Sherry Turkle es una investigadora que lleva cuatro décadas estudiando la psicología de las relaciones de las personas con la tecnología. Ella, autora de cinco libros y tres colecciones editadas, además de poseer importantes reconocimientos, ha encontrado que cuando nos comunicamos solo a través de mensajes de texto o redes sociales, es más difícil entender completamente lo que la otra persona está sintiendo.

Cuando usamos estos medios, las palabras pueden ser mal interpretadas, y no podemos captar las señales no verbales, como el tono de voz o las expresiones faciales, que son cruciales para la comunicación. Y, como lo habremos vivido, aunque quizás sin reparar en ello, eso puede causar malentendidos y, en última instancia, afectar negativamente nuestras relaciones.

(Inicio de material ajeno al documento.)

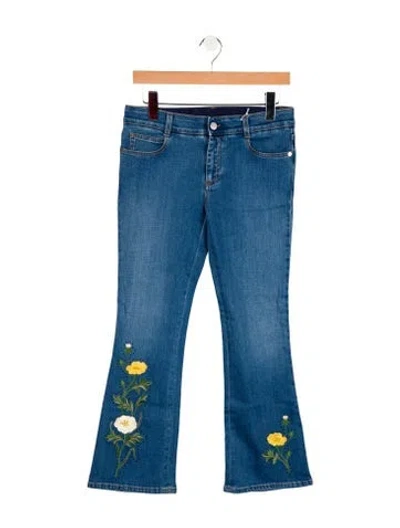 Pre-owned Stella Mccartney Mid-rise Wide Leg Jeans W/ Tags In Blue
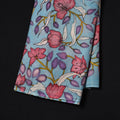 Blue - Handpainted Srikalahasti Silk Cotton Pen Kalamkari Fabric 21
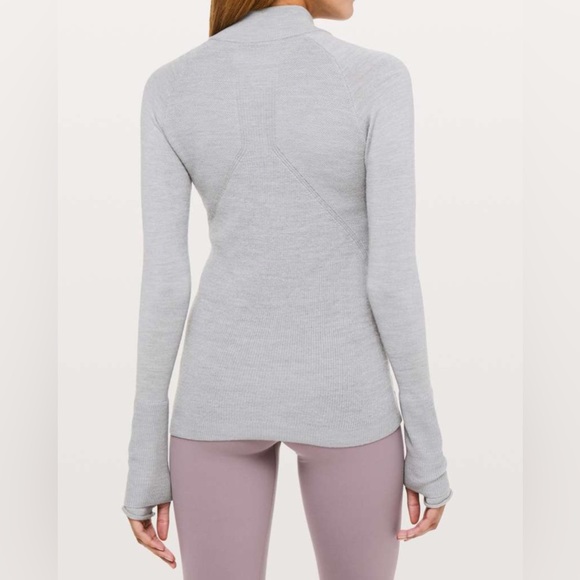 Lululemon time to thrive jacket Marino wool sz 6 - Picture 2 of 4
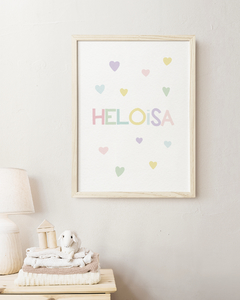 Quadro Infantil Personalizado - Heloisa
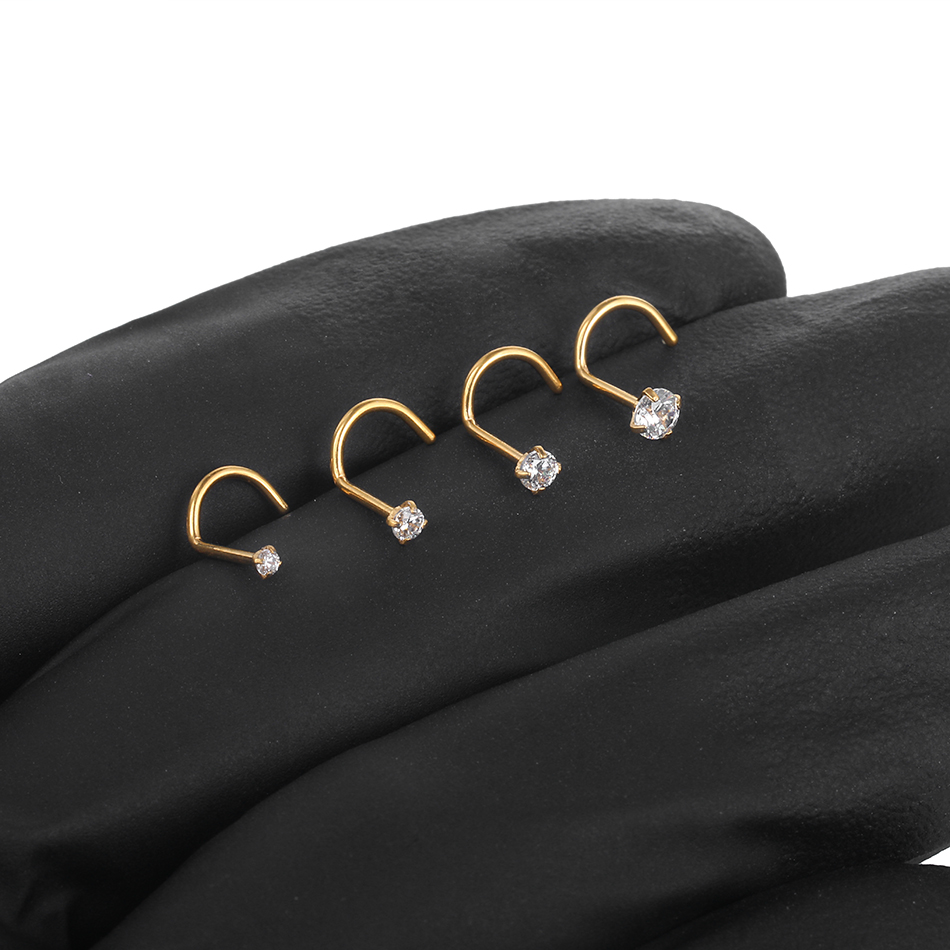 1/5 قطع مجوهرات ثقب الأنف من ا - مراجعة Body Jewelry Implant Grade Titanium وسعره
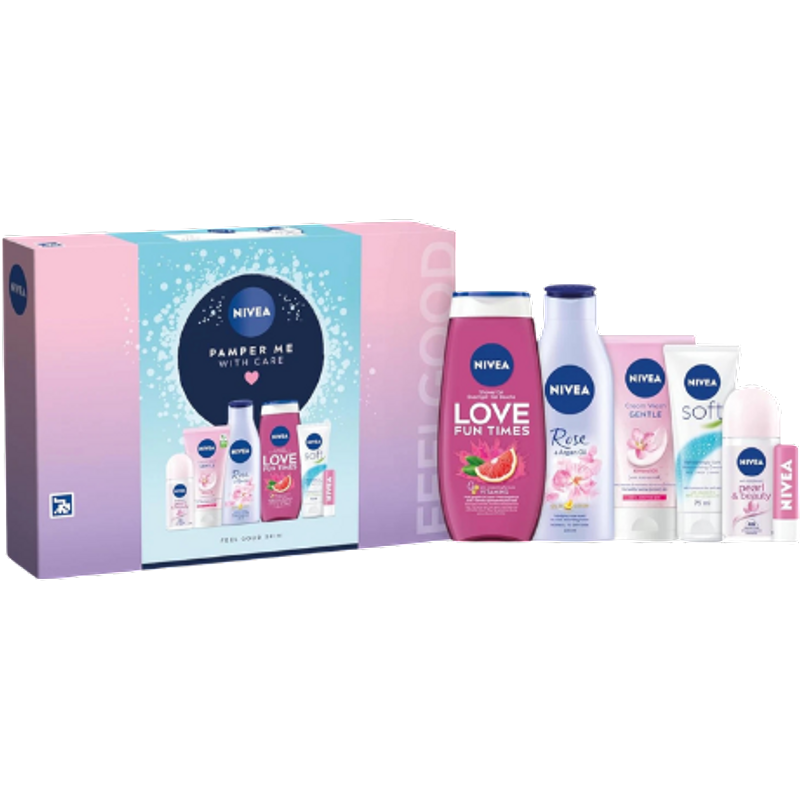 Nivea Pamper Me With Care Gift Set - 6 Pcs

Y no se trata de negar la importancia y gran valor de la tecnología. Es que la misma debe seguir siendo un medio para lograr propósitos. Así como fabricantes y vendedores logran ver crecer sus negocios de tecnología, quien la usa también necesita centrarse y concretar sus propósitos. Pero eso no debe conllevar que perdamos las habilidades que nos permiten entendernos con los demás.

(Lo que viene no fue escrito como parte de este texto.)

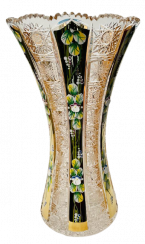 Broušená pozlacená váza - Výška 30cm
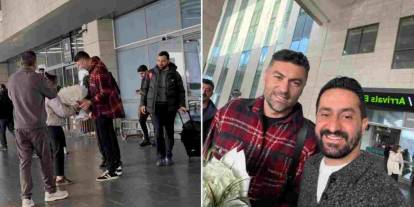 Burak Yılmaz Gaziantep'te Çiçeklerle Karşılandı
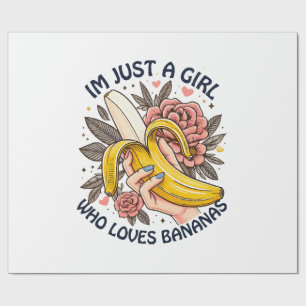 Nur ein Mädchen, das Bananen liebt  Geschenkpapier
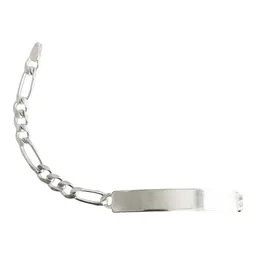 Esclava Plata 925 Figaro Diamantada para Hombre - Imagen 2
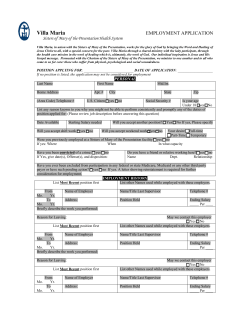 print the application - Villa Maria | Fargo, ND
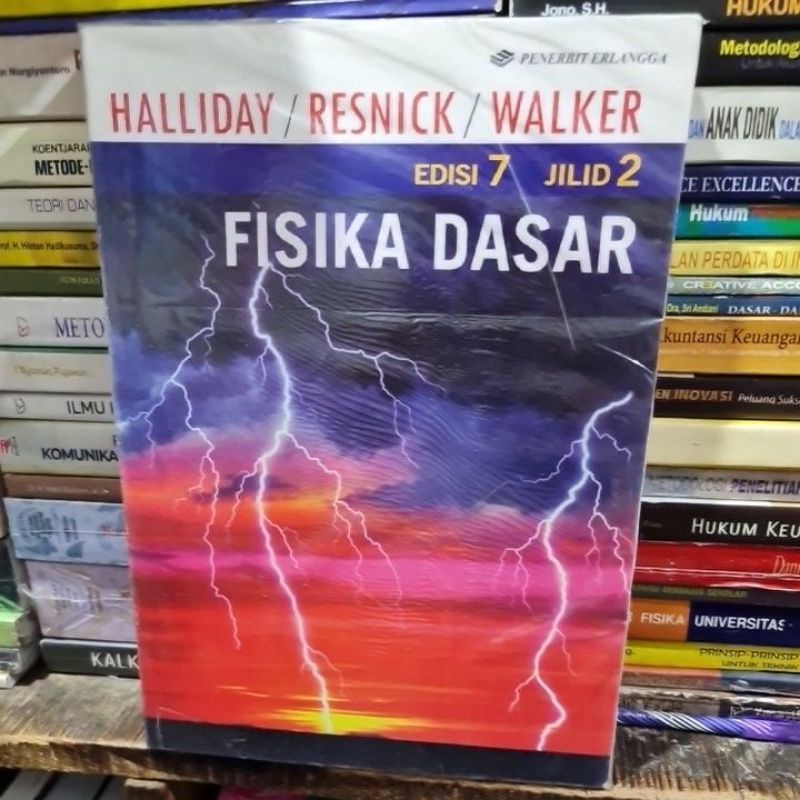 Jual Fisika dasar jilid 2 edisi 7 by Halliday Resnick Shopee Indonesia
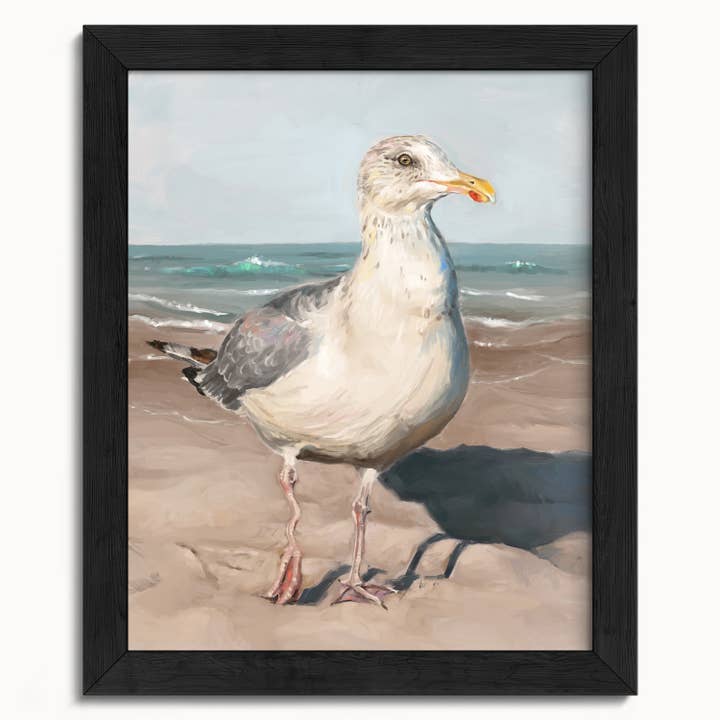 The Ugly Cat Studio - Wholesale Art Print - Seagull with Wobbly Leg Fine Art Print10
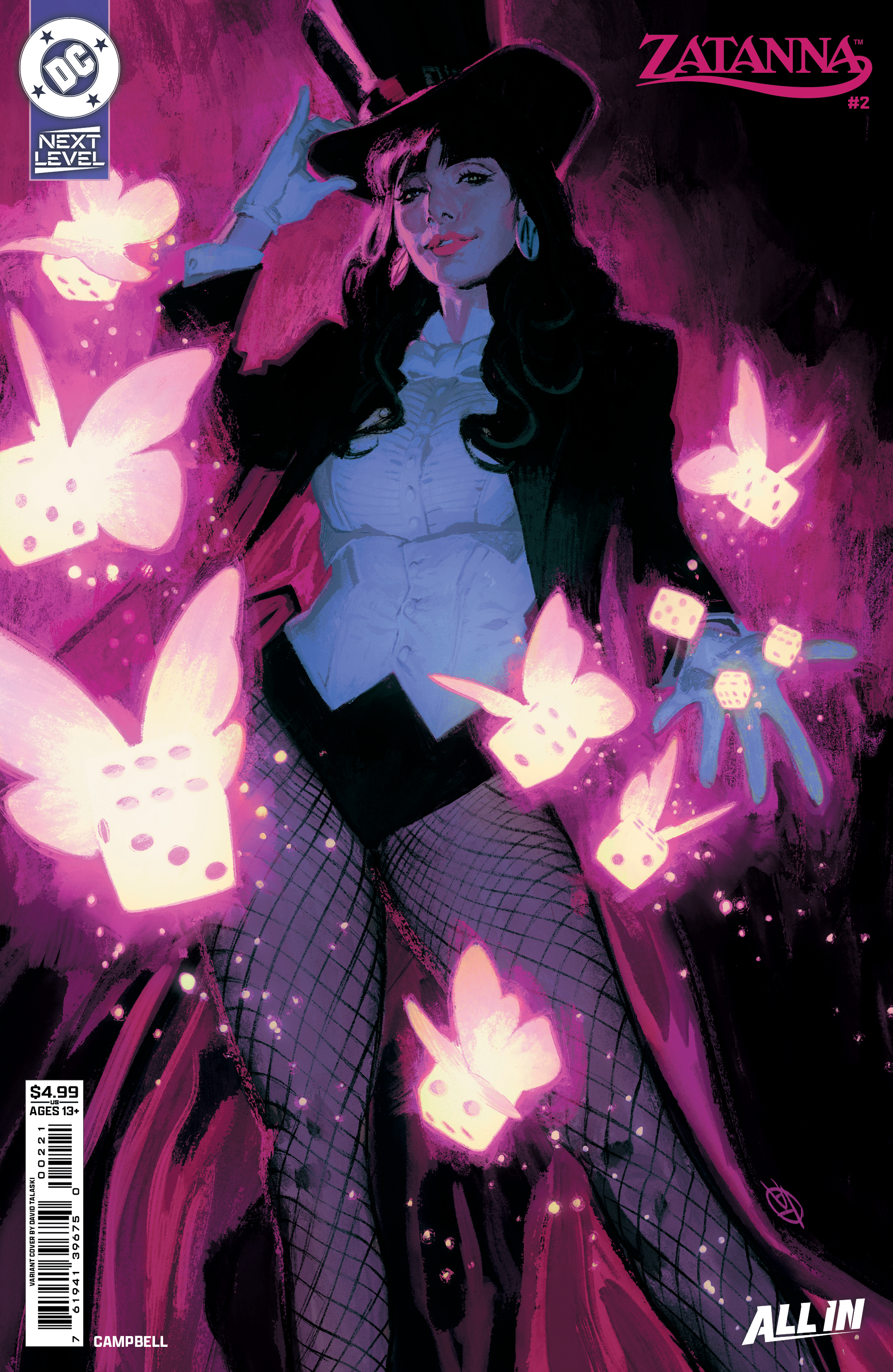  76194139675000221 | ZATANNA (2026) @2 COVER B DAVID TALASKI CARD STOCK VARIANT | DC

El uso inadecuado de tecnología disminuye la empatía, que es la capacidad de entender y compartir los sentimientos de otra persona. Estudiosos han encontrado que, cuando pasamos más tiempo interactuando a través de pantallas y menos tiempo cara a cara perdemos oportunidades para practicar la empatía.

Las interacciones en línea a menudo son más rápidas y menos profundas que las conversaciones en persona, lo que puede hacer que nos volvamos más insensibles o menos comprensivos hacia los demás.

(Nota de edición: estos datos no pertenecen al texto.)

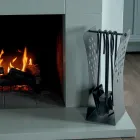 Tool holder with modern lines in metal and 4 tools made in Italy - Maiko Viadurini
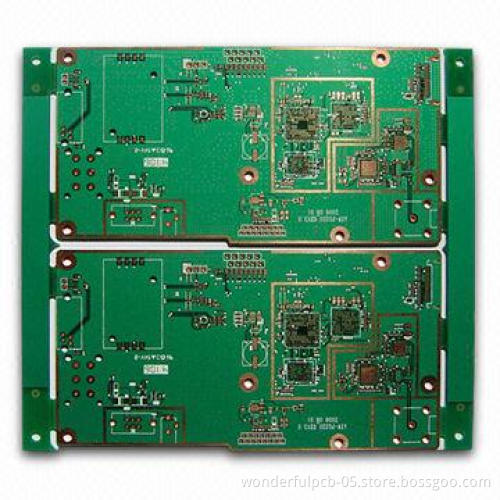 HAL Lead-free 4-layer PCB with 1oz Copper Thickness and Green Solder Mask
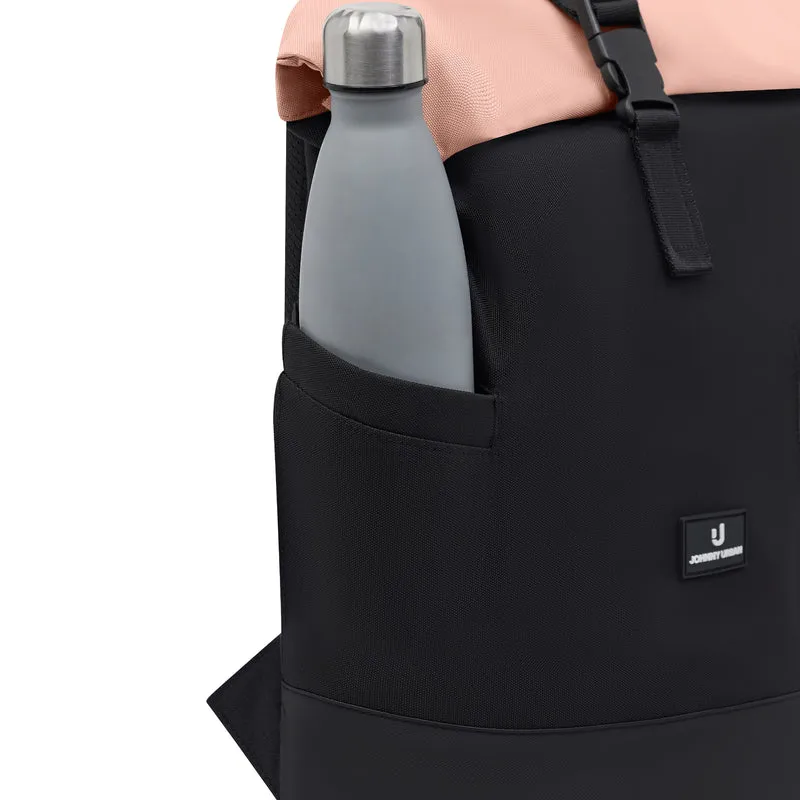 Johnny Urban Luca Small - Rolltop Backpack 36 cm (black-rose)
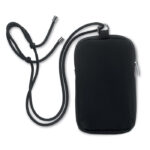 Crossbody-Smartphone-Tasche Schwarz, Seitenansicht
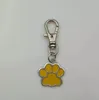 Enamel cats / dog paw prints Keychain-Fashion jewelry Tibetan silver Bear paw print charm Tennis pendant key chain ring Keychain A1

Con una sencilla consulta a personas con las que convivimos podemos descubrir oportunidades para corregir algunos malos hábitos que han ido penetrando de manera tan discreta como dañina en nuestras vidas. Ese simple ejercicio ayudaría a que nos mantengamos humanos, sanos, empáticos y en la mejor disposición de seguir usando todo, incluyendo la tecnología, para mejorar nuestras vidas y todo nuestro entorno.

Para eso es sumamente conveniente, además de necesario y urgente, que nos preguntemos si los cambios en las maneras en que nos relacionamos con las otras personas están haciéndonos bien o haciéndonos mal.